**Activity**. Give exactly the lines from the one that contains "בית הארחה מודיקה" through the end of the entries below, both included; the pictures stay out.

**Entries supplied**.

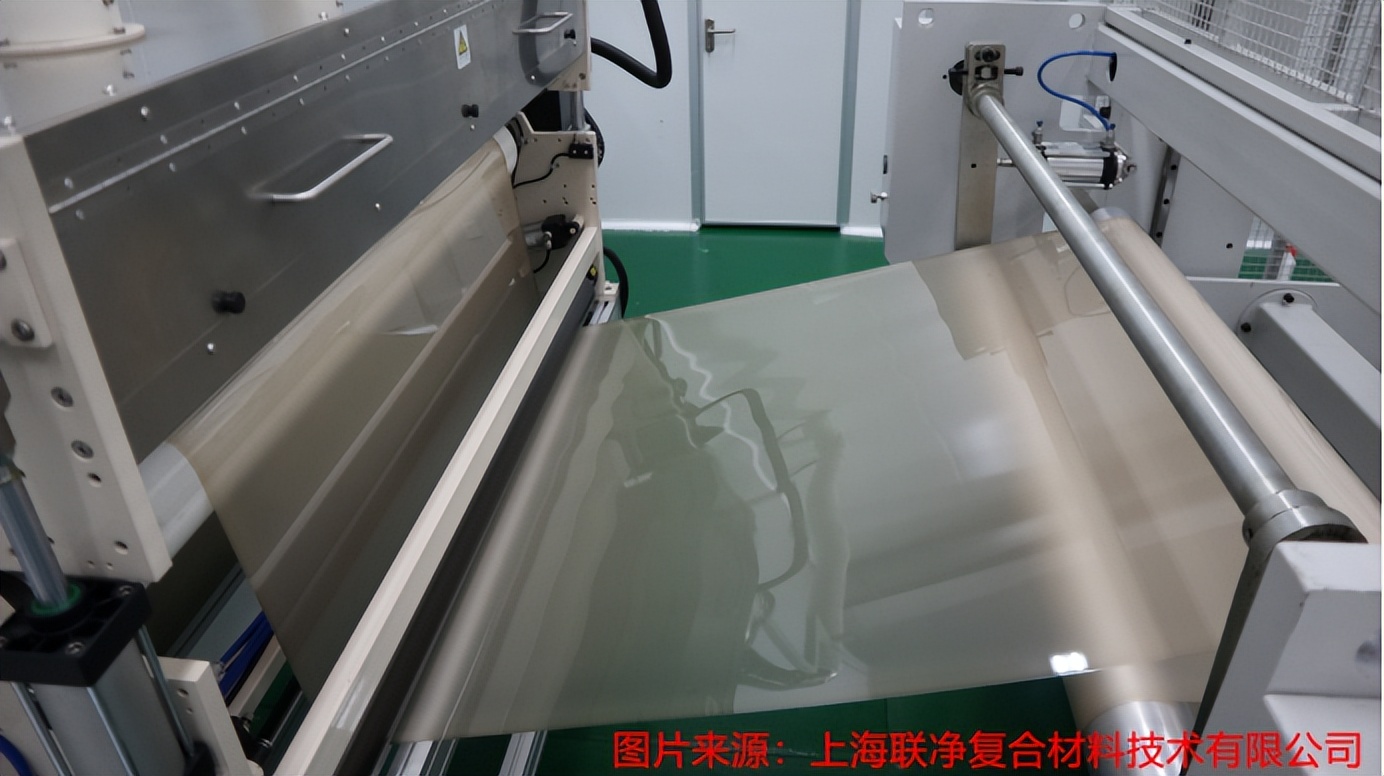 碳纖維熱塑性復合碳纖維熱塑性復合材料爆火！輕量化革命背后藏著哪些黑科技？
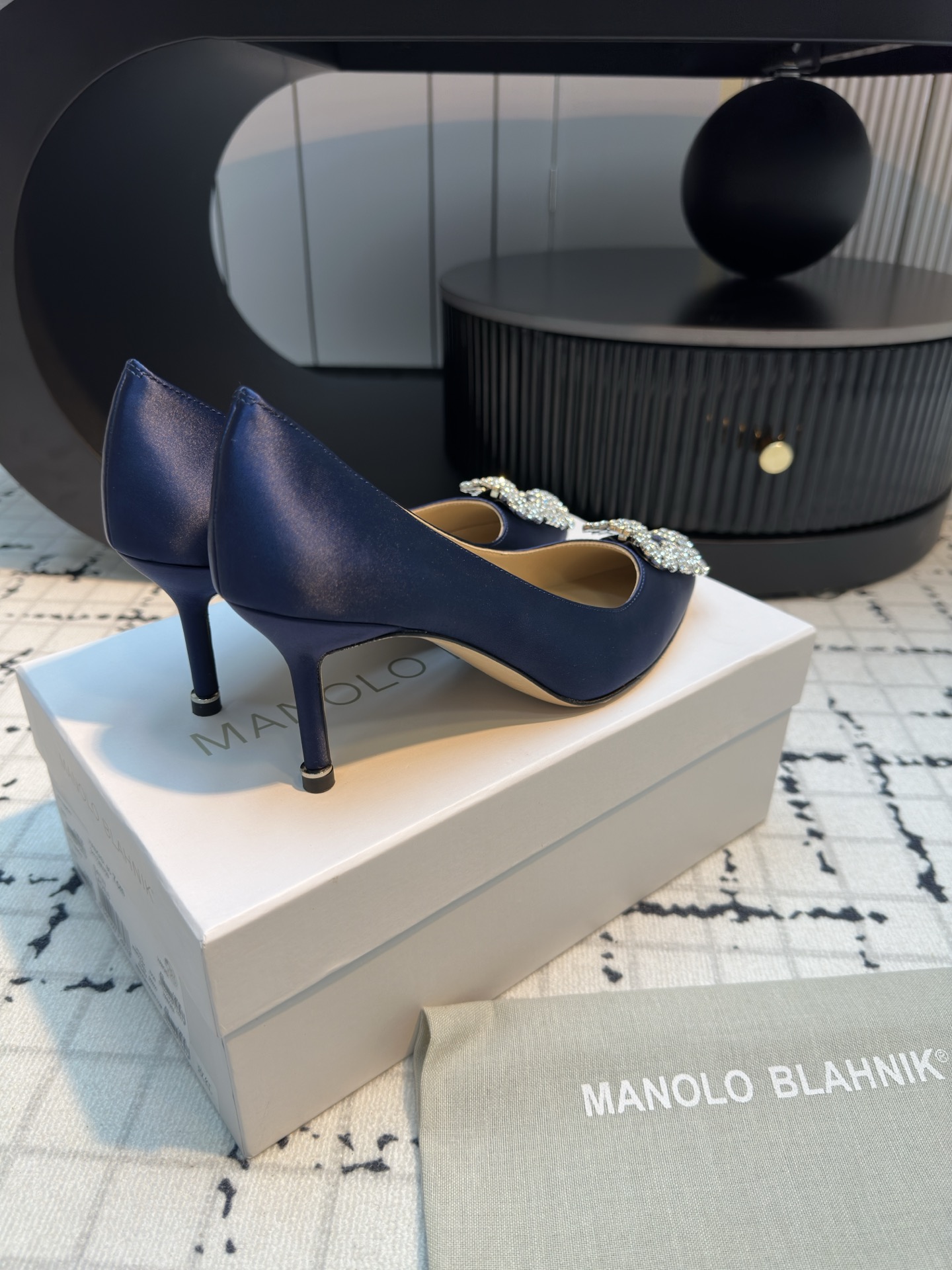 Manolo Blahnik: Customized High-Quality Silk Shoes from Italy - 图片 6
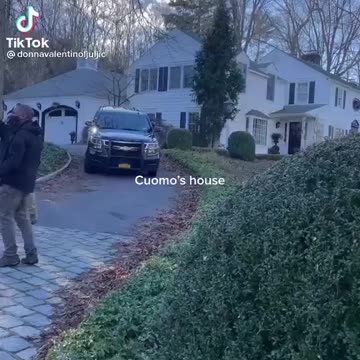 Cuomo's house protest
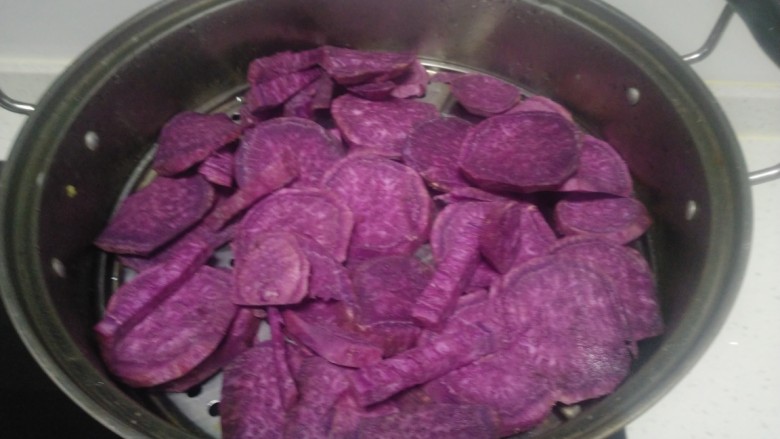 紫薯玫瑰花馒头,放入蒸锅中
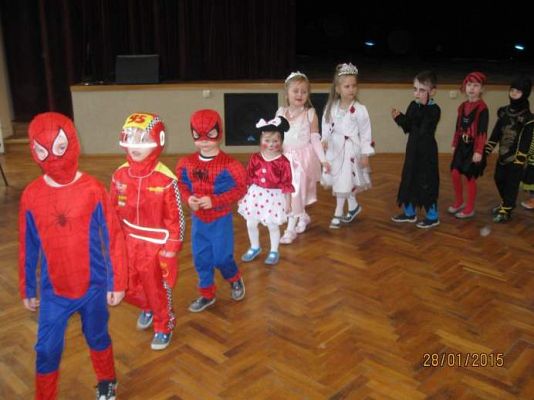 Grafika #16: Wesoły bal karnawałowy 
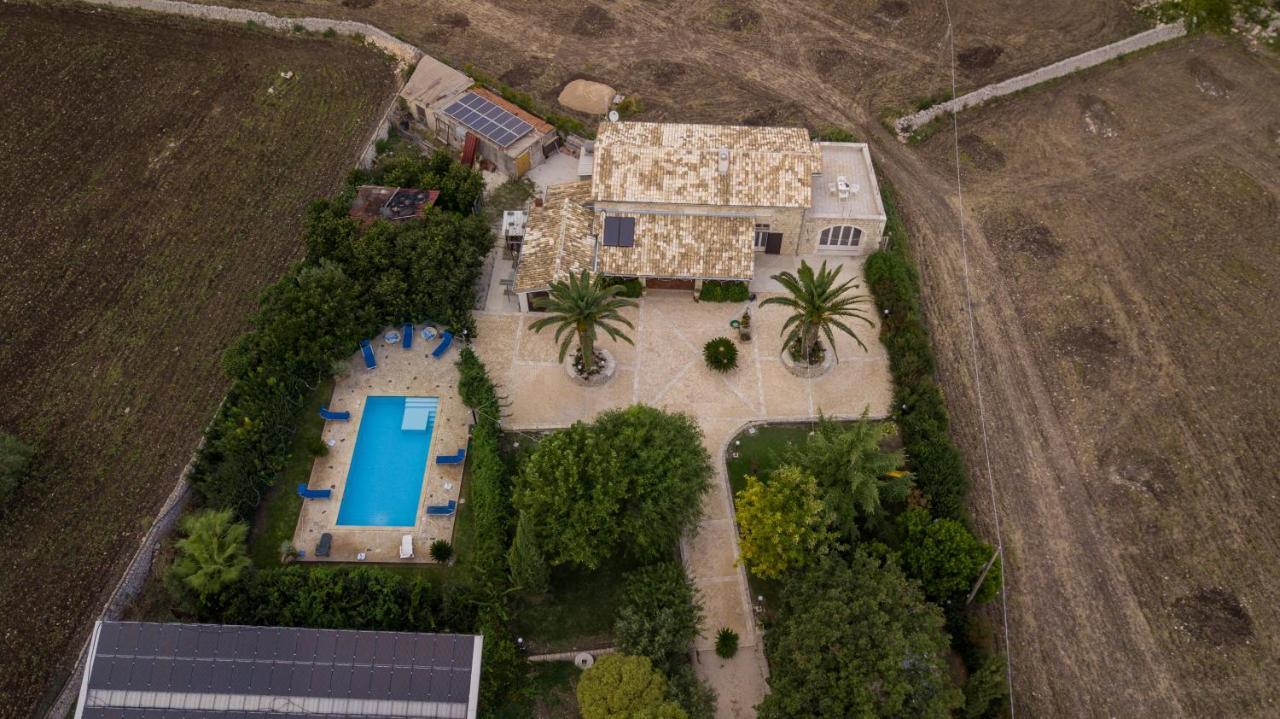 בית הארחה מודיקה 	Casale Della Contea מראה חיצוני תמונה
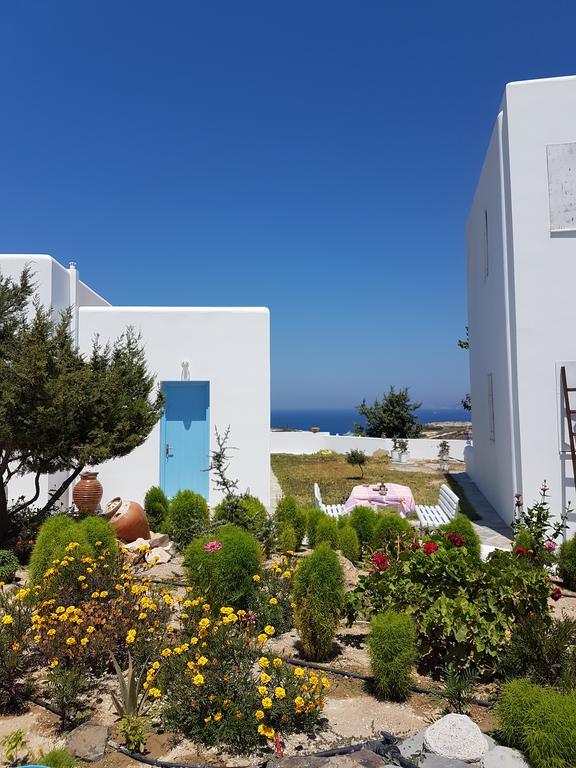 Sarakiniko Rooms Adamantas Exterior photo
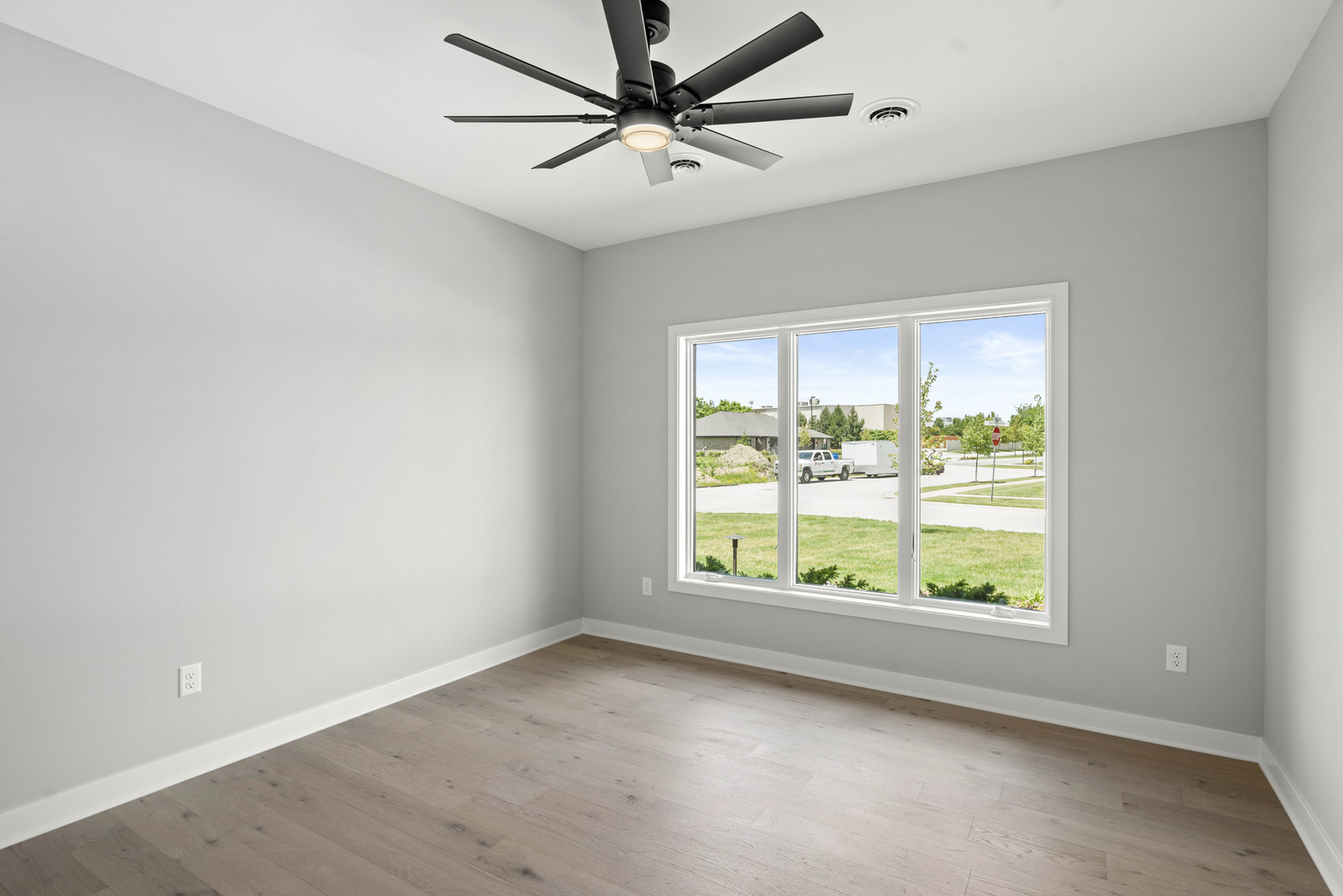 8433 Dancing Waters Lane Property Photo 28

**Answer section**.
 בית הארחה מודיקה 	Casale Della Contea מראה חיצוני תמונה
 Sarakiniko Rooms Adamantas Exterior photo
 8433 Dancing Waters Lane Property Photo 28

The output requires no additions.